Sea of Tranquility - Book Review

 

 

Sea of Tranquility

Emily St. John Mandel

4.5 stars

 

 

 

 

In support of a Canadian author, I grabbed this book. Emily St. John Mandel weaves the possibility of sci/fi (living on the moon) with futuristic realism (property prices decline there too) and makes it magical. Any one who can suspend belief and appreciate the possibility of time travel, human characters in different centuries all connected with the most tender of words must read this book.


I loved the description of Victoria, British Columbia (1912): It’s a far distant simulation(!) of England, a watercolour superimposed unconvincingly on the landscape.

Describing the wilderness/forest (the scene grabber for it’s future importance) - …this place is indifference. This place is utterly neutral on the question of whether he lives or dies…it hasn’t even noticed him.

We learn that Time is a continuum, so are all these wonderful characters real, are they merely pieces of each other one day after the next? Century after each other?

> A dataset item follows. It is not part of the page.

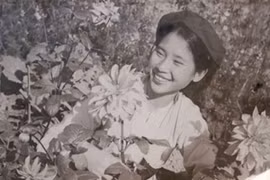 Làng hoa còn lại chốn này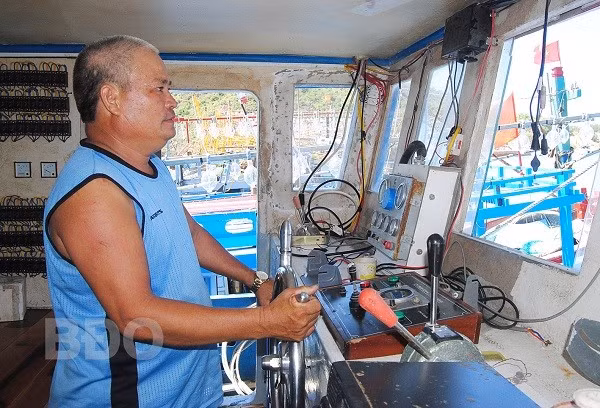 Tàu cá của ngư dân Bùi Văn Quang (xã Mỹ Thắng, huyện Phù Mỹ) ở cảng cá Đề Gi (Phù Cát) vào chiều 5.7. Tàu cá của ngư dân Bùi Văn Quang (xã Mỹ Thắng, huyện Phù Mỹ) ở cảng cá Đề Gi (Phù Cát) vào chiều 5.7.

Mirella and Vincent (a female who at 13 radiated neglect)
Olive the homesick writer of a little girl
Gasperry and Zoey - family kinship

There's joy and sadness, rivalry and love, and a pandemic too. Futuristic ideas of holographic meetings, pixelating your face, and so many other ideas gave me many enjoyable wow-moments.

It doesn’t matter who or when, humans will be humans, as described (2401) when a 4 year old with her Dad, Ephrem sees a tombstone of another 4 year old: if her parents loved her, it would have felt like the end of the world.

What is written as separate stories become one, it is worth back-tracking to start again, once we know where we are headed. I take notes, folks, so it was wonderful to go back and re-read what I wished I’d known the first time. 

Wouldn't it be nice to do that in life?